Question from Patel's textbook... (1 Viewer)

[aud]

Page 10 -
y = x/(x+2)(x-1)

The graph's drawn, but two of the questions are:
Why is the RIGHT (TOP) branch approaching y = 1 from below?
Why is the LEFT (TOP) branch approaching y = 1 from above?

I get the second on, but not the first one... why does it cut through the asymptote?

 

[Giant Lobster]

oblique? i dont see any on that graph

i cant explain "why" but if u find the derivative, u will find 2 stationary points. one at x = 0, one at x = 4. the one at x = 4 is a minimum point, so obviously it must approach x-> infinite from the bottom.

 

[kimmeh]

its something to do with the limits.. my idiot froiend tok my 4 unit book full of curve sketching with all my notes i'll post the reason why when i find it. it has something to do with as x -> positive infinty , then y -> 1- (negative being under) .. not too sure

 

[turtle_2468]

see kimmeh...

It's to do with limits as x -> infinity.
y=(x^2)/(x^2-x+2)=1/(1+(1/x)-(2/x^2)) on dividing by the highest factor.

Now observe that 1/x-2/x^2 has roots 0,2. Also, from that it is less than 0 for x < -2 and > 0 for x > 2.

As x goes to infinity, the 2/x^2 term becomes less important than 1/x (only dividing by a really big number once rather than twice). So as x -> pos inf, the denominator is larger than zero hence approaching from above
but as x -> neg inf, denom less than zero (as 1/x < 0) so approaching y=1 from below.

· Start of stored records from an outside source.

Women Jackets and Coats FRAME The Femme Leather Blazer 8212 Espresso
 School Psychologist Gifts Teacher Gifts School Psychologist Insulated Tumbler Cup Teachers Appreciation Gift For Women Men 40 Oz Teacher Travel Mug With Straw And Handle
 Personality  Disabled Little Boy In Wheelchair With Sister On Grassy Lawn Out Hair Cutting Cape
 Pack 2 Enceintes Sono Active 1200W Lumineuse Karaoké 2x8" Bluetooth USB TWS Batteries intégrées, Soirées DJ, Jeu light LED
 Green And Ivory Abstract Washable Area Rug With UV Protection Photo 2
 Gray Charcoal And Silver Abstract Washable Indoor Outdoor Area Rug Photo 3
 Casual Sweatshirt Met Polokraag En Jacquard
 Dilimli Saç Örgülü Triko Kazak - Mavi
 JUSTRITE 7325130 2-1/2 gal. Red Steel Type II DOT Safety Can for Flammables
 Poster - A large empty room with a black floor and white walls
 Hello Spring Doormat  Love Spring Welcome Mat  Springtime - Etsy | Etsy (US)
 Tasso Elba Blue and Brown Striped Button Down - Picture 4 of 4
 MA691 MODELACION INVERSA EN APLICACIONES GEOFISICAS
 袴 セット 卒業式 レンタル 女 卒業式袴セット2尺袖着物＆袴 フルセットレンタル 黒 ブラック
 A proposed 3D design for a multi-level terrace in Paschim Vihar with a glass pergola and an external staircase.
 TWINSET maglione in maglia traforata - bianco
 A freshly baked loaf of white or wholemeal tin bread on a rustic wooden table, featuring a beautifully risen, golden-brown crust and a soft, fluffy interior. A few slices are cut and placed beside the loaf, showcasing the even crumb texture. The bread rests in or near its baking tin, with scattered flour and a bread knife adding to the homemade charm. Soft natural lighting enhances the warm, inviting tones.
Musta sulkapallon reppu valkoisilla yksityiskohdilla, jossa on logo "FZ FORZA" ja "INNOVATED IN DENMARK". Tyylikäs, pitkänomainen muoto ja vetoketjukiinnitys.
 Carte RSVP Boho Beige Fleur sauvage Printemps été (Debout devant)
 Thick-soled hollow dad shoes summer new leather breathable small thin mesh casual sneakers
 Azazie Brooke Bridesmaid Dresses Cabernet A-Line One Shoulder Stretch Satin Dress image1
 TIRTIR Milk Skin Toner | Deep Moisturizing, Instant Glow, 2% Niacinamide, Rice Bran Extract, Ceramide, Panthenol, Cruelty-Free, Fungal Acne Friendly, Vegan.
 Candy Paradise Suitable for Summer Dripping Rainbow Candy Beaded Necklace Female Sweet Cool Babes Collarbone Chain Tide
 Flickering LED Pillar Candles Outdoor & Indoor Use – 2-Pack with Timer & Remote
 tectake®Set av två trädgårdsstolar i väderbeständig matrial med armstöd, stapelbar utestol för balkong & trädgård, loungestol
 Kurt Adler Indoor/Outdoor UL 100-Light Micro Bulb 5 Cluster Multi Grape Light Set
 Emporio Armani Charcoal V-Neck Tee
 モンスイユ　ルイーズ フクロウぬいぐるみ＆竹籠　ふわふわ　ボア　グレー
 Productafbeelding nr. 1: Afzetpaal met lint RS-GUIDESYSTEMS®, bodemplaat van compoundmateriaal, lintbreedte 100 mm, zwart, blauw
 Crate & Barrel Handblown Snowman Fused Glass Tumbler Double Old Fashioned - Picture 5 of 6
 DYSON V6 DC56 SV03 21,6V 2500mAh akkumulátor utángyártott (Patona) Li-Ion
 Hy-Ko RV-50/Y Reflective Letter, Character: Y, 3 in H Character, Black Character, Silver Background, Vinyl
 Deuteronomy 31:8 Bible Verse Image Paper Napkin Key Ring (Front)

The reason it "cuts the asymptote" is that you're mixing terms Technically, an asymptote is just a line that the graph never cuts. So while the graph tends to that line on both sides it also crosses it...

For another one of these graphs that cut the line of the limit going to inifinity (y=1 in this case), think about sin(x)/x.

PS I think markers wouldn't really mind if you named it an asymptote... check with your teacher, I might even be wrong with the defn...